-------- RECORDS
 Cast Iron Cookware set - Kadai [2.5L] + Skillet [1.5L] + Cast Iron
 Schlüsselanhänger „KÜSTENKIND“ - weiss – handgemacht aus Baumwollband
----------------
-------- RECORDS
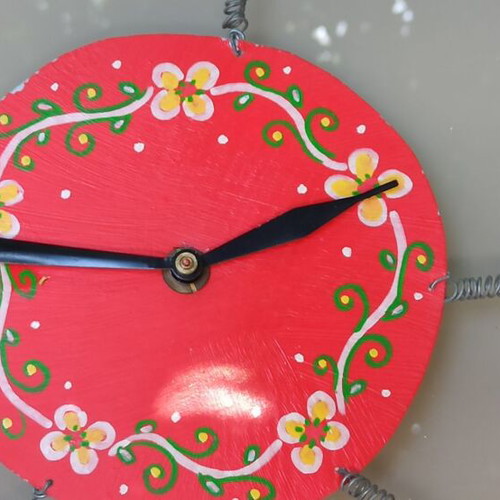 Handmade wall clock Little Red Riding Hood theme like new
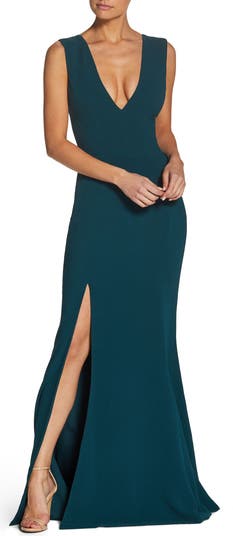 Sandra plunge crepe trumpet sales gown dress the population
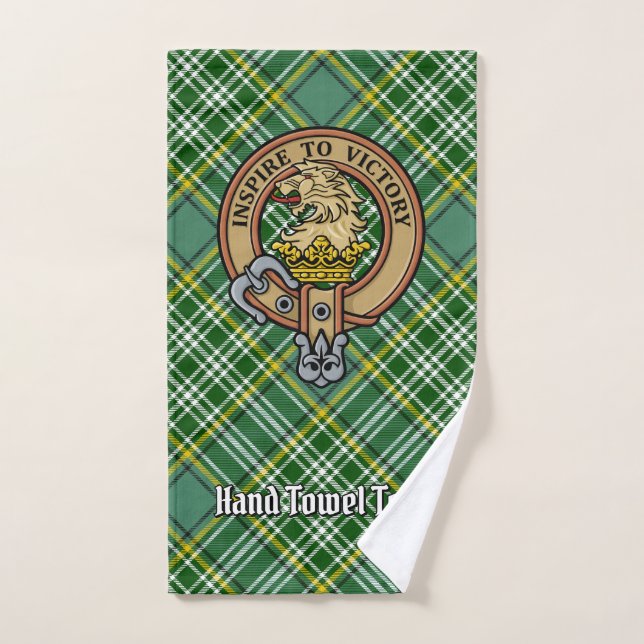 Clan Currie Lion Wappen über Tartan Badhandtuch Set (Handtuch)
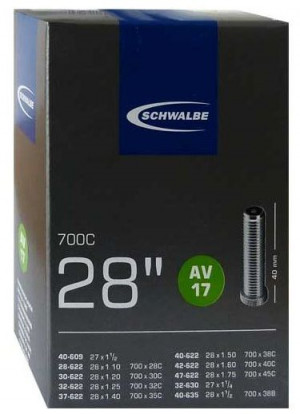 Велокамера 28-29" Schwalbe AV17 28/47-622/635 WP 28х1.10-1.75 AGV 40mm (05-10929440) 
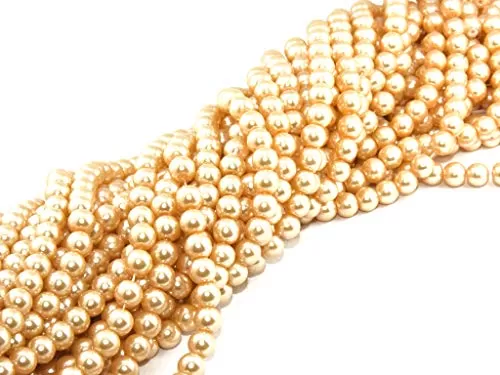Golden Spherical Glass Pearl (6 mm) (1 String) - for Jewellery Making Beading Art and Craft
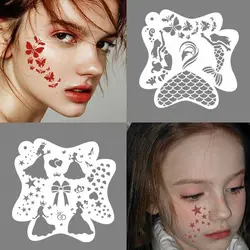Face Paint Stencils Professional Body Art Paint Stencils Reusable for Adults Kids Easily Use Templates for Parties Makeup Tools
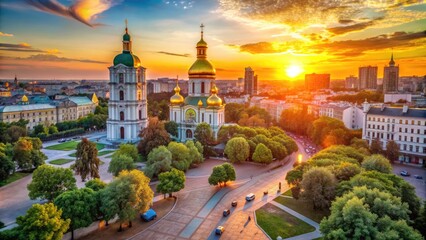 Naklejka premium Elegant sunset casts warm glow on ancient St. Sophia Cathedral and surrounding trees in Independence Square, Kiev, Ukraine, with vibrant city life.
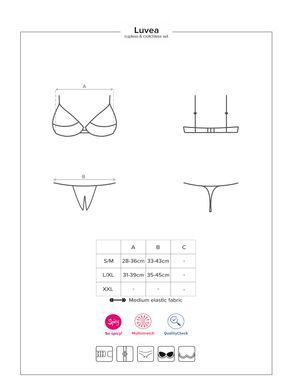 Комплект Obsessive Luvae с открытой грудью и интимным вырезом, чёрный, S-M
----------------
*WORK TO COMPLETE*
An exact copy is needed of the stretch above that opens with the line containing "Golden Spherical Glass" and closes with the line containing "Комплект Obsessive Luvae"; the pictures are not part of it.

*TASK RESULT*
Golden Spherical Glass Pearl (6 mm) (1 String) - for Jewellery Making Beading Art and Craft
Face Paint Stencils Professional Body Art Paint Stencils Reusable for Adults Kids Easily Use Templates for Parties Makeup Tools
 Naklejka premium Elegant sunset casts warm glow on ancient St. Sophia Cathedral and surrounding trees in Independence Square, Kiev, Ukraine, with vibrant city life.
 Комплект Obsessive Luvae с открытой грудью и интимным вырезом, чёрный, S-M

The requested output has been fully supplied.